(Pictures with short captions)
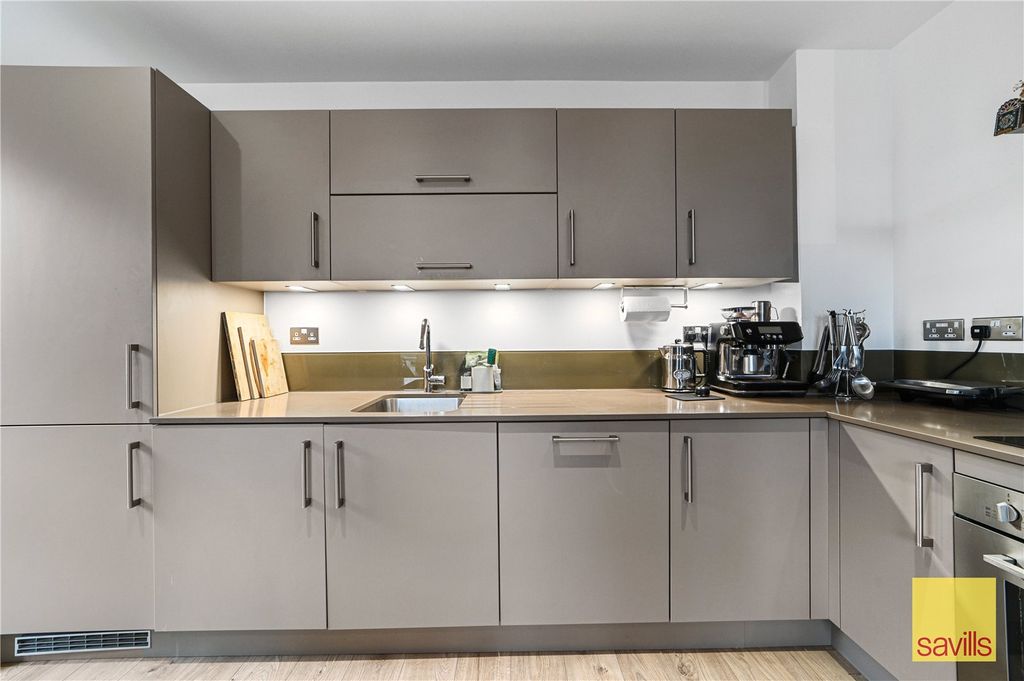 Property photo 3 of 14 Kitchen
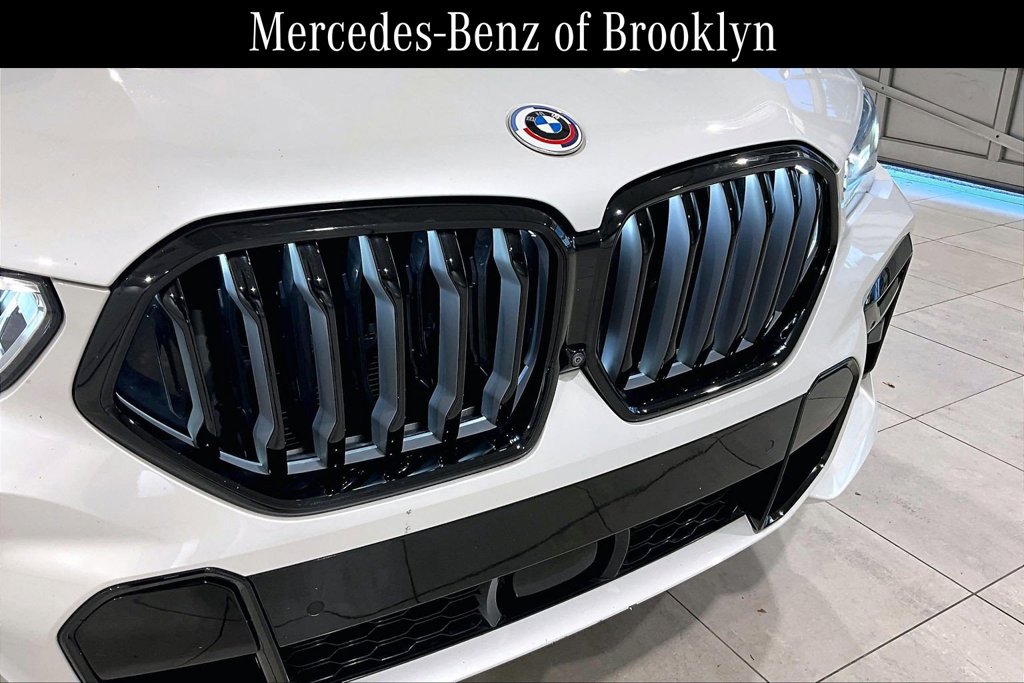 Used 2023 BMW X6 M50i w/ Executive Package AWD/4WD image 30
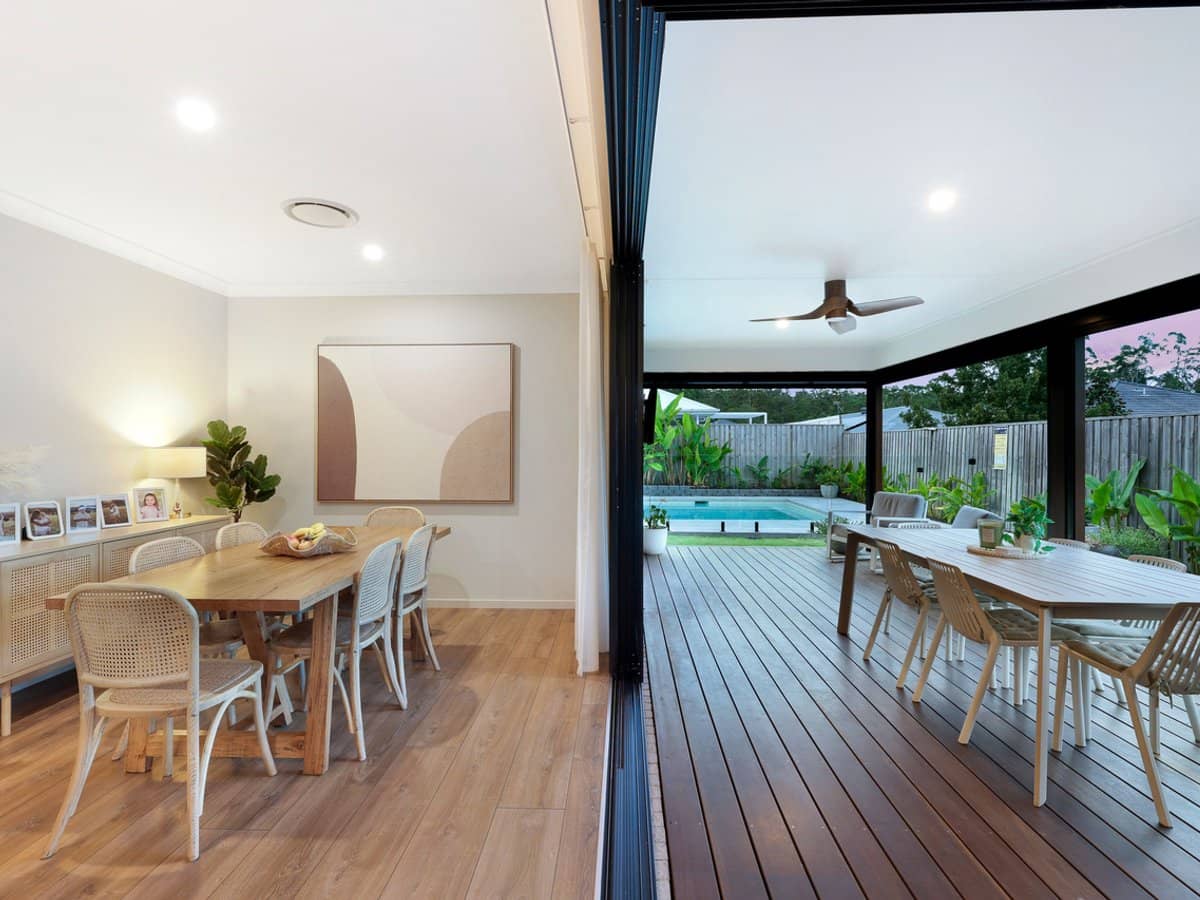 9 Lone Pine Circuit, UPPER COOMERA - Thumbnail 11
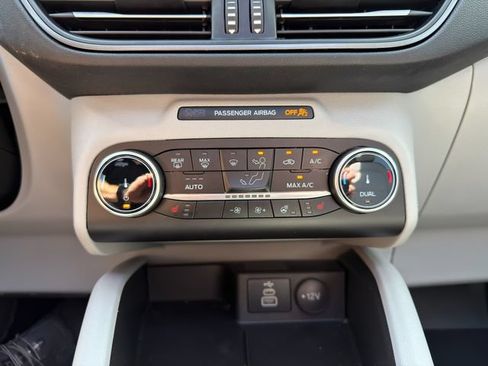 Used 2025 Ford Escape Active w/ Cold Weather Package AWD/4WD image 30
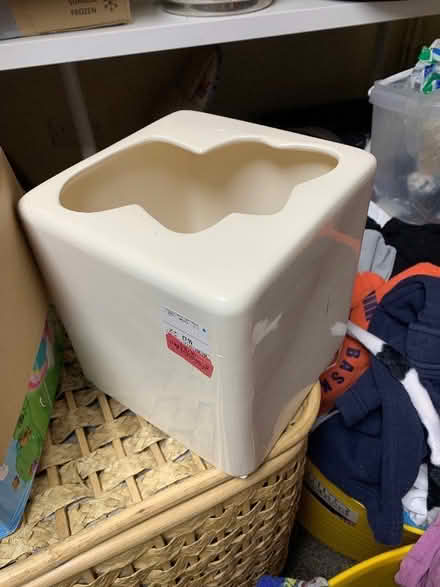 Photo of free Large Cream ceramic vase, not broken! (Caversham RG4) #1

**EXERCISE**
Make an exact copy of every record, pictures excluded.

**ANSWER TO THE PROBLEM**
 Property photo 3 of 14 Kitchen
 Used 2023 BMW X6 M50i w/ Executive Package AWD/4WD image 30
 9 Lone Pine Circuit, UPPER COOMERA - Thumbnail 11
 Used 2025 Ford Escape Active w/ Cold Weather Package AWD/4WD image 30
 Photo of free Large Cream ceramic vase, not broken! (Caversham RG4) #1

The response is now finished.